‘Sessão da tarde’ à francesa, destaca crítica sobre '50 são os novos 30'

Sabe aquele gostinho de “primeira vez” que filmes padrão “Sessão da tarde”, açucarados com o mel da simplicidade - tipo “Um lugar chamado Notting Hill” ou “Olha quem está falando” -, deixam na gente, tornando irresistível vê-los de novo? “50 são os novos 30” tem esse sabor, só que potencializado por especiarias francesas, somadas ao uso de Amália Rodrigues e de Julio Iglesias na jukebox de sua trilha musical. Vista por uns 720 mil pagantes na França menos de um mês após sua estreia, esta crocante produção, estrelada e dirigida por Valérie Lemercier, foi um dos achados do Festival Varilux. 
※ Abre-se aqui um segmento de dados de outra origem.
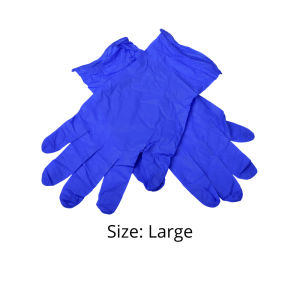 Buy Nitrile (Latex free) Medical exam gloves, Large, 200 pack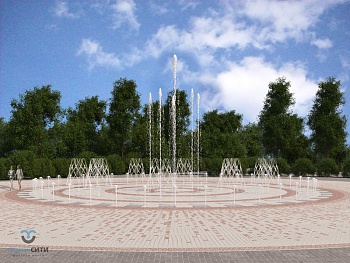 Пешеходный фонтан FC 18020 Евпатория (с погружными насосами), изображение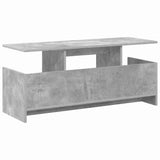 TV Stand Concrete Grey 102 x 35 x 45 cm Engineered Wood 890995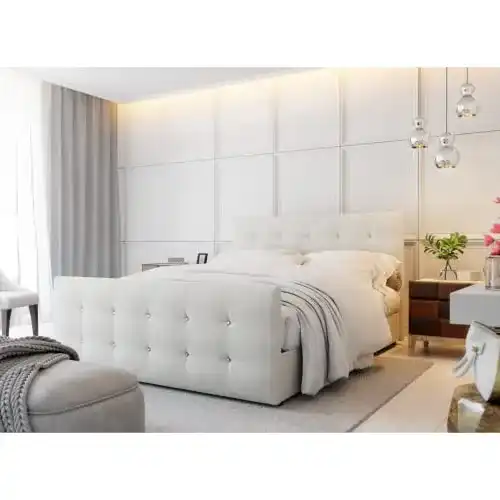 Bett 180×200 PM PAMIR-Möbel Bett Designer mit Bettkasten Cleo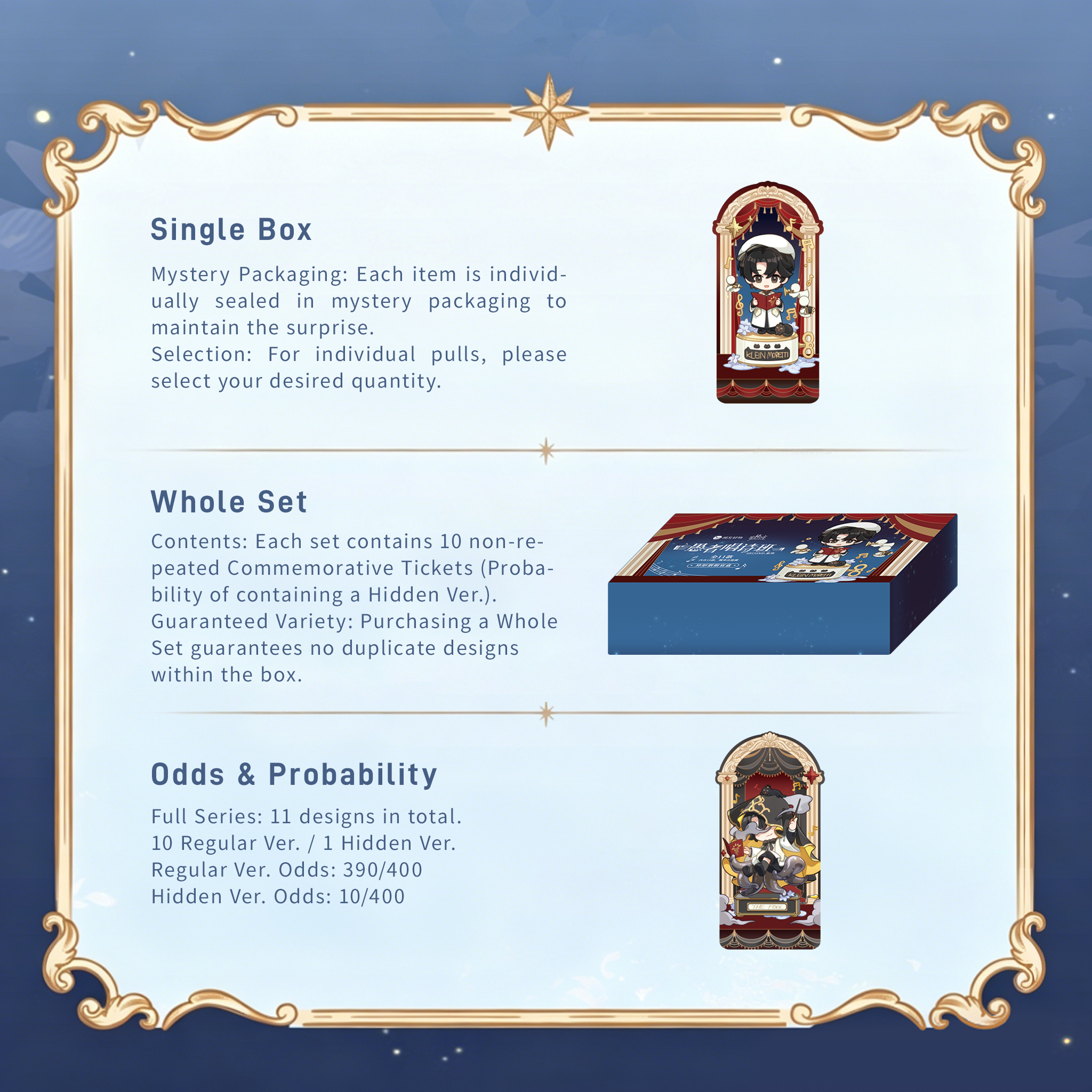The Fool's Choir Series 2 Special-Shaped Memorial Ticket Blind Box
Com diálogos ferinos sobre idiossincrasias da vida em família, seu roteiro se alinha com a tradição das comédias românticas, antenado com um dos fenômenos culturais da vez – o regresso de filhos 50ões à casa dos pais. O título original, “Marie-Francine”, é o nome da protagonista, bioquímica que perde o emprego após ser chutada pelo marido (Denis Podalydès). Ao se mudar para o lar onde nasceu, ela começa uma nova vida, vendendo cigarros eletrônicos, e engata um flerte com um cozinheiro português, Miguel (Patrick Timsit), também alquebrado por dilemas do querer. O duo Valérie e Timsit é um charme só e a montagem valoriza piadas e situações cômicas mais físicas entre eles. Eis um vaudeville nos nossos dias. Dos bons. 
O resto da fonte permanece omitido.